On 12/03/2010 11:31 AM, Scott Stark wrote:
See inline.
On 12/2/10 7:28 PM, David M. Lloyd wrote:
>
> As far as I can see, there is no way to identify the implicit
> dependency, because you can't identify the dependency without inspecting
> the class, you can't inspect the class without it being loaded and you
> can't load the class without its dependencies being present already.
> Yeah we could pre-load and analyze the class using Javassist or
> something but that adds a lot of startup overhead just so the user
> doesn't have to add one manifest entry.
>
> If implicitly detecting EJB interdependencies based on annotations
> becomes a requirement, I see other downsides as well. For example this
> would mean that at a container level, there can only be one EJB with a
> given interface name (otherwise there'd be no way to "wire" reliably),
> which means that deploying multiple EJB JARs defining an EJB with the
> same class or interface name is impossible for no good reason. EJBs are
> normally identified by app name/module name/bean name - or in the case
> of top level EJB JARs, just module name/bean name - and by having
> detection based upon a global EJB name scope we defeat this.
>
> In any case I didn't see this requirement in the EJB spec though I might
> have just missed it; that thing is a frickin' tome.
>
The problem is becoming that ejbs can show up nearly anywhere, and I'm
not sure how well the ejb, servlet, and various javaee specs are
defining the rules for resolving a type based dependency injection. I
don't expect that we will have completely implicit resolution. Mostly I
just want to go through some of the non-trivial cross module issues we
will run into and through redployment into the mix so we understand what
requirements we have to place on deployment modules so that users and
support understand how to deal with the loss of the ear as the basis for
defining resolution boundaries.
Yeah agreed. From what I've seen, the rules are fairly well-defined
though I didn't look into servlet in detail yet.
I would think we would have to have a logical ear module, when there
is
no explicit ear, that groups deployment modules into a resolution
context in order for there to be well defined rules.

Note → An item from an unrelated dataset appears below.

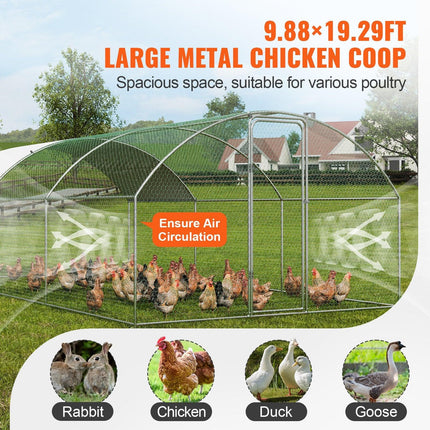Large Metal Chicken Coop with Run, 9.8x19.3x6.5 ft Walk-in Chicken Runs for Yard with Cover, Doom Roof Hen House with Security Lock for Outdoor and Backyard, Farm, Duck Rabbit Cage Poultry Pen.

Yeah maybe, though EAR specifies some extra stuff that we won't have,
i.e. a big flat classloader. I don't know if we want all top level
deployments to always share a resolution context though. I think that
not everyone will want this, and it's much easier to define this in "opt
in" terms than in "opt out" terms. I.e. it's not too big a deal to
just
have them add a "Dependency:" (or "Class-Path:", if they're
feeling
old-fashioned) manifest entry listing other JARs they want to interact
with, and each JAR's (type-based) resolution scope is then driven by its
modular and class-path dependencies (which fits nicely with how it is
defined by the JavaEE platform spec).
> In the case of an old-style Class-Path dependency, ejb1.jar and
ejb2.jar
> each have a dependency from their "modularize" phase to the other's
> "structure" phase to import the other's VFS structure into their
module.
> This has the effect of copying the class bytes only; each deployment
> has their own Class instance for the imported classes.

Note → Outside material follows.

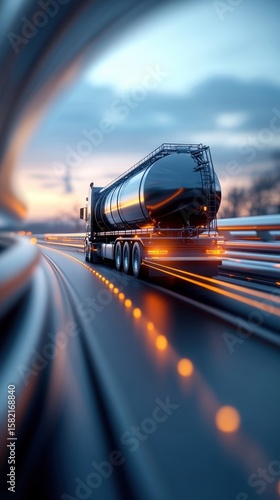 Fuel Tanker Truck on Highway at Dusk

That call by value semantics are required across the modules in this
case is something that has to propagate to the service containers in
order for serialization interceptors to be created for local ejbs for
example.
Yeah definitely. We started working this out in Antwerp but ran out of
time. I'm working up an AS7-JavaEE integration requirements doc where
hopefully this will be spelled out but it's going to need a lot of work
before I'm comfortable that we've hit all the angles.
> In the case of a new-style module dependency, the same thing
occurs but
> the dependency would have to be from the "post-module" to the
> "modularize" phase. This is what I discuss a little in the Missing
> Stuff #3 heading. In this case, the module is first defined in
> "modularize", and in "post-module" the additional module
dependencies
> are added and the module is relinked to include the new stuff.
>
> It seems to me that annotation reading and processing, which requires a
> full classloading environment, would have to occur in this phase after
> the additional dependencies are added, otherwise you'd get CNFE/NCDFE if
> an annotation were on a class which used the dependency.
>
> Then, annotation data is combined with descriptor data, and the services
> are installed.
So how would the relinking be expressed in terms of the DUP chain phase
processing? It seems we really have more of a DUP state machine where we
have to transition between "post-module" and "modularize" as we
relink.
If we do need a relinking phase (and maybe we won't, depending on how
Jason's Jandex work goes), it'd only be a two phase thing, which is to
say, you only get one chance to relink. I know of no good way to make
it cyclic without introducing possible problems like deadlocks and
dependency errors, and honestly the simpler we can keep this, the better
off everyone will be.
In the very worst case if two phases aren't enough we could make it
three or four, basically a fixed number. But I have a feeling that the
result would be more painful than useful.